As long as Roe was the law, I could debate abortion with myself as a mostly abstract proposition. I could explain to myself that however we settle when life begins, abortion should be legal as a matter of policy. And going beyond the question of policy, I could explain to myself that I supported a woman's near absolute prerogative to choose an abortion. I have indulged in some heroic mental gymnastics to get to that second point. And frankly, I fear my reasoning is ad hoc and motivated. But while Roe was the law, I could engage in such musings and call it a theoretical exercise.

Now, Roe is not the law.

Now, how I vote affects abortion policy more than before.

Now, I must consider how much and in what ways I support the pro-choice position.

Now, I must ponder the, for me, terrible and terrifying prospect of taking a more active stand, of more directly causing more abortions to happen that otherwise wouldn't happen. I could--I have the means--donate money to those who would help women obtain abortions.
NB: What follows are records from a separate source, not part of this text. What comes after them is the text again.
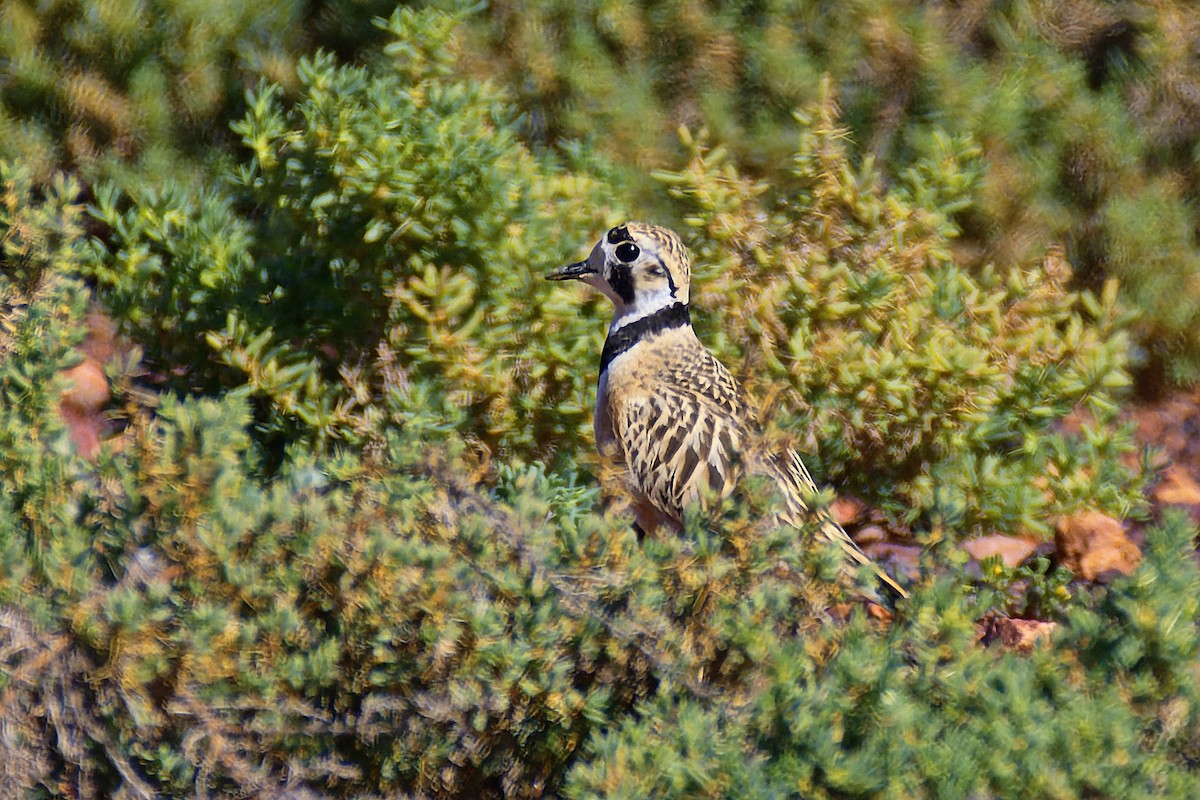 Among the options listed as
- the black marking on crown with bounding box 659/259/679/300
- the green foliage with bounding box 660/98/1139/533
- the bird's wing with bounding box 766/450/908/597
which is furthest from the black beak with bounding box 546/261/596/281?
the bird's wing with bounding box 766/450/908/597

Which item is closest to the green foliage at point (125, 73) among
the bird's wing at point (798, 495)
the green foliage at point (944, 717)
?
the bird's wing at point (798, 495)

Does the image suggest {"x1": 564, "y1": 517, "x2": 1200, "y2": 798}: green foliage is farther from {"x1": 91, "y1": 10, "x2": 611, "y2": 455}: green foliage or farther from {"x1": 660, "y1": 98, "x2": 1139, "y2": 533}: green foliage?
{"x1": 91, "y1": 10, "x2": 611, "y2": 455}: green foliage

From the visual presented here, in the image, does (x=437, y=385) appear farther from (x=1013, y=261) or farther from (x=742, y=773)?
(x=1013, y=261)

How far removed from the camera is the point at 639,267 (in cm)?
463

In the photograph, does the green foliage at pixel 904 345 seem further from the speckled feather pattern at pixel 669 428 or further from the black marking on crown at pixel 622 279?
the black marking on crown at pixel 622 279

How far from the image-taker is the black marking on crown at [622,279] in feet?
15.2

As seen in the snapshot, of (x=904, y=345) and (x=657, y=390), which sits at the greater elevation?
(x=904, y=345)

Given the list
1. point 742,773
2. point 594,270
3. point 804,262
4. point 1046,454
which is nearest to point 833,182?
point 804,262

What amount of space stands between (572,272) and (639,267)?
25 centimetres

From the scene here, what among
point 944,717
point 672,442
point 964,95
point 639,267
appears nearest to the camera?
point 944,717

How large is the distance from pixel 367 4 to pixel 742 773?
4436 millimetres

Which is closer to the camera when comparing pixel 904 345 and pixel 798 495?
pixel 798 495

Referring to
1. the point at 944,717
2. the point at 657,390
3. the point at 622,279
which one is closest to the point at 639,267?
the point at 622,279

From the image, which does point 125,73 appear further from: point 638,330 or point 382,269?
point 638,330
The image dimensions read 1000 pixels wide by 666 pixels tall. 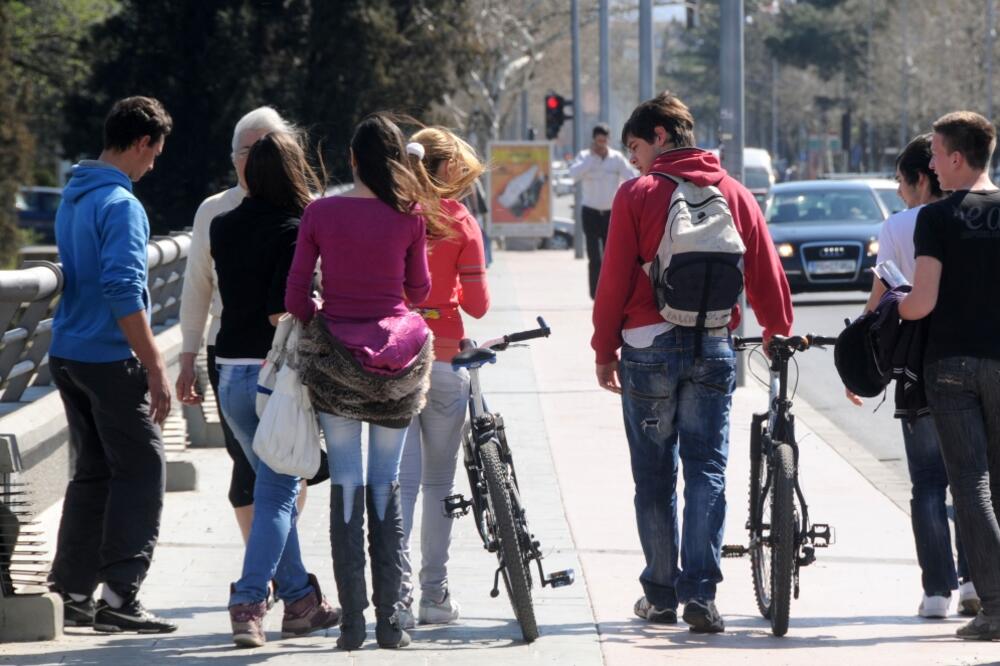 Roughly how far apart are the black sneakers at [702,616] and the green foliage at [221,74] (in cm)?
1906

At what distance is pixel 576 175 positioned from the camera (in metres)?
20.3

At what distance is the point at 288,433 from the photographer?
5828 mm

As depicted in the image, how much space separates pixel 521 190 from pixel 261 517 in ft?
84.6

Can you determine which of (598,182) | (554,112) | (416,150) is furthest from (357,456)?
(554,112)

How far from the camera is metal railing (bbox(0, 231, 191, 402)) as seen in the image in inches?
277

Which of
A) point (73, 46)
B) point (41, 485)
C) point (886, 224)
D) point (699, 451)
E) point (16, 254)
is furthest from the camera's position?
point (73, 46)

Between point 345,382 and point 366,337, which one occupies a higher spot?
point 366,337

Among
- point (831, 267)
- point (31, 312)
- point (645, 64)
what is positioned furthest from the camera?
point (831, 267)

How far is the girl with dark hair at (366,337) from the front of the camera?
580 centimetres

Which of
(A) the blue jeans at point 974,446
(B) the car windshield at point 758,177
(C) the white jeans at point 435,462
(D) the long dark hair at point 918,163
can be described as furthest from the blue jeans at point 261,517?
(B) the car windshield at point 758,177

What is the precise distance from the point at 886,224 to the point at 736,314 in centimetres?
80

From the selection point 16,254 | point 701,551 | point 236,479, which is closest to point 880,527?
point 701,551

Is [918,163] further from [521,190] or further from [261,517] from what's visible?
[521,190]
(Of course, I could also do nothing. That's probably what I shall do. But I hold seriously to my other belief that abortion is and ought to be a woman's prerogative, that impeding that prerogative is a deep wrong, and that the primary and secondary effects of criminalization make for a dangerous and unjust policy.)

I always knew that under Roe, taking the pro-choice position enabled abortion. I never agreed, as a factual matter, that "people will just get abortions anyway, just not safe ones" even though some will get indeed risk getting unsafe abortions, especially if abortion is banned nationally.

But now any stance I take is of more consequence. The margin along which my actions can affect the outcome is larger. I can no longer outsource my supposed pro-choice convictions to the Supreme Court.